Economy Watch: Financial Reform Passes, Inspires Much Speculation

The big event of the day on Thursday was the passage of the Dodd-Frank bill ("The Wall Street Reform and Consumer Protection Act") in the U.S. Senate, to which President Obama will affix his signature before long.

July 16, 2010
By Dees Stribling, Contributing Editor

Courtesy Flickr Creative Commons user Violentz

The big event of the day on Thursday was the passage of the Dodd-Frank bill (“The Wall Street Reform and Consumer Protection Act”) in the U.S. Senate, to which President Obama will affix his signature before long. The main features of the bill are fairly well known — items such as the Consumer Financial Protection Bureau; new rules about derivatives and winding down non-banks; skin in the game for mortgage-backed securitization; oversight for rating agencies; and much more in its 2,300 or so pages. The devil has yet to emerge from all those details, however.

That doesn’t stop everyone and his uncle from having an opinion about the bill, mostly inspired by political considerations. The president said, “it will protect consumers and lay the foundation for a stronger and safer financial system,” while Sen. Richard Shelby (R.-Ala.) called it a “legislative monster.”

Still, for all its heft, the bill will not deal with Fannie Mae and Freddie Mac, two of the most troubled problem children of the financial meltdown. Congress, in its wisdom, has put off the painful task of reforming, abolishing or otherwise changing the GSEs for now.

JP Morgan Rakes It In

JP Morgan Chase posted a 2Q10 profit of $4.8 billion on Thursday, an increase of 77 percent from the same period last year.

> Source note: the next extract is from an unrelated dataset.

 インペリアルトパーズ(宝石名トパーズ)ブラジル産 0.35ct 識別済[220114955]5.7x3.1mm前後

But the company did not achieve that number though increased revenues, which were down about 8 percent for the quarter to $25.6 billion.

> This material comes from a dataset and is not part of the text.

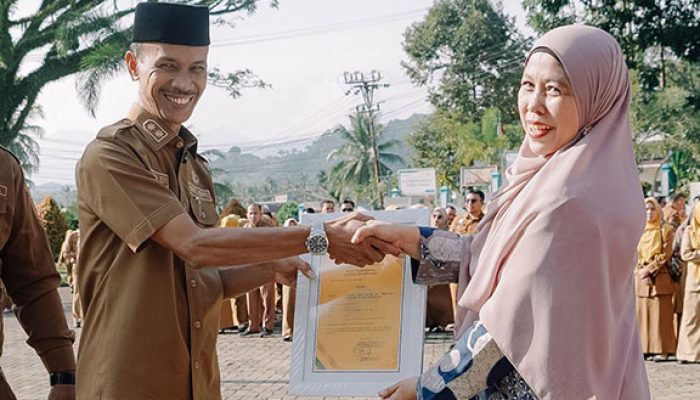Lima Koperasi di Solsel Terima Penghargaan di Hari Koperasi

The banking giant also set aside far less to cover bad loans during 2Q10 than it did in 2Q09: $3.36 billion, or 65 percent less. Still, JP Morgan Chase CEO Jamie Dimon said that the bank’s loan losses remain “at extremely high levels.”

During the question-and-answer period of Thursday’s conference call, Dimon also weighed in on the housing market: “We don’t know what’s going to happen to home prices,” he said. “And we don’t think anyone knows. We don’t think anyone actually knows what’s going to happen to home prices.”

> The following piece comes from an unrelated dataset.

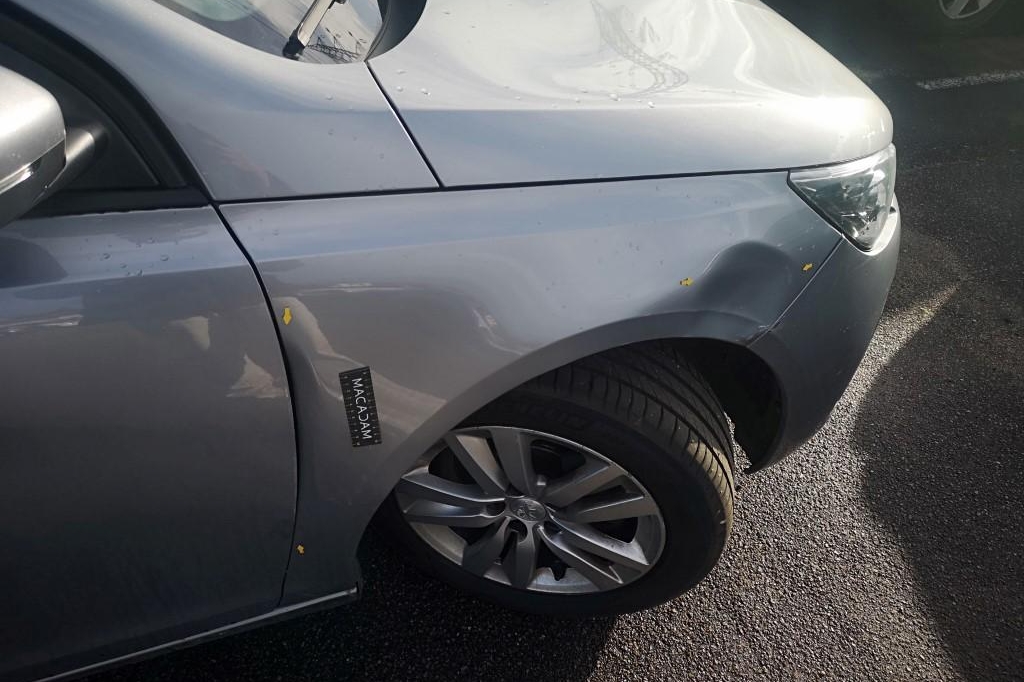 Peugeot 308 SW 2018 фото 16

Someone’s Buying in the Hamptons

In at least one small corner of the housing market, one driven by wealthy New Yorkers, it still seems like the mid-2000s. The average home price in the Hamptons and Shelter Island during the first six months of 2010 was $1.622 million, up 10 percent from $1.477 million during 1H09, according to a report by New York residential specialist the Corcoran Group.

The median price for homes in the popular resort towns was $935,000, up 34 percent from $700,000 a year ago. Moreover, there were 923 deals in the Hamptons in the first half of 2010, up 134 percent from 433 in the same period of last year, noted the report.

Wall Street had a wide ride on Thursday, mostly in negative territory, but almost ending up back at the starting gate. The Dow Jones Industrial Average lost 7.41 points, or 0.07 percent, while both the S&P 500 and the Nasdaq broke even.